James Bradley’s thrilling, unsettling crime novel is set in a flooded Sydney in 2050
James Bradley is a brilliant writer of fiction, nonfiction and poetry. His recent book Deep Water (2024) is an elegiac essay in response to the wonders of the planet’s oceans. It celebrates undersea mysteries and the marvels of the surface, denounces the slavery and oppression connected with trade routes, and extols the sensuality of swimming and surfing.
Deep Water increased Bradley’s international reputation, but it was also an important milestone in a writing life dedicated to awakening readers to the harmony of the natural world and the need to act urgently to prevent human-induced climate catastrophe.

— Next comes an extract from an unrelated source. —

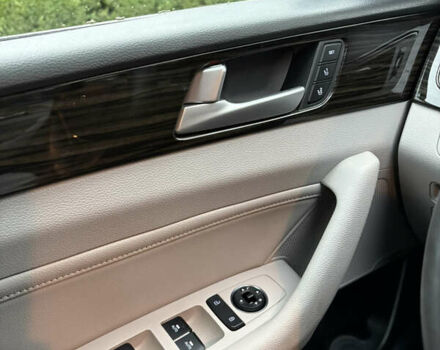 Сірий Хендай Соната, об'ємом двигуна 2 л та пробігом 200 тис. км за 13900 $, фото 16 на Automoto.ua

Landfall, Bradley’s seventh novel, continues his engagement with the environment. Coming on the heels of Clade (2015) and Ghost Species (2020) – both novels set in a precarious future – it again takes up the subject of a warming world.
Review: Landfall – James Bradley (Penguin)
Landfall is a haunting and propulsive crime novel set in 2050s Sydney. Through its compelling narrative, Bradley weighs the value of a human life on an ecologically ravaged planet.
The novel’s future world is one of extreme weather events and soaring daily temperatures. Parts of the metropolis are permanently underwater due to the Big Melt, a glacier event 20 years earlier that has caused sea level rise across the globe. The air is suffocatingly humid. Everyone carries water and is constantly thirsty. Waves lap at asphalt roads, parks are crowded with tents and people queue daily to fill water containers from plastic tanks. Children are sullen or silent; barking dogs harass. The homeless flock to food vans near Central Station.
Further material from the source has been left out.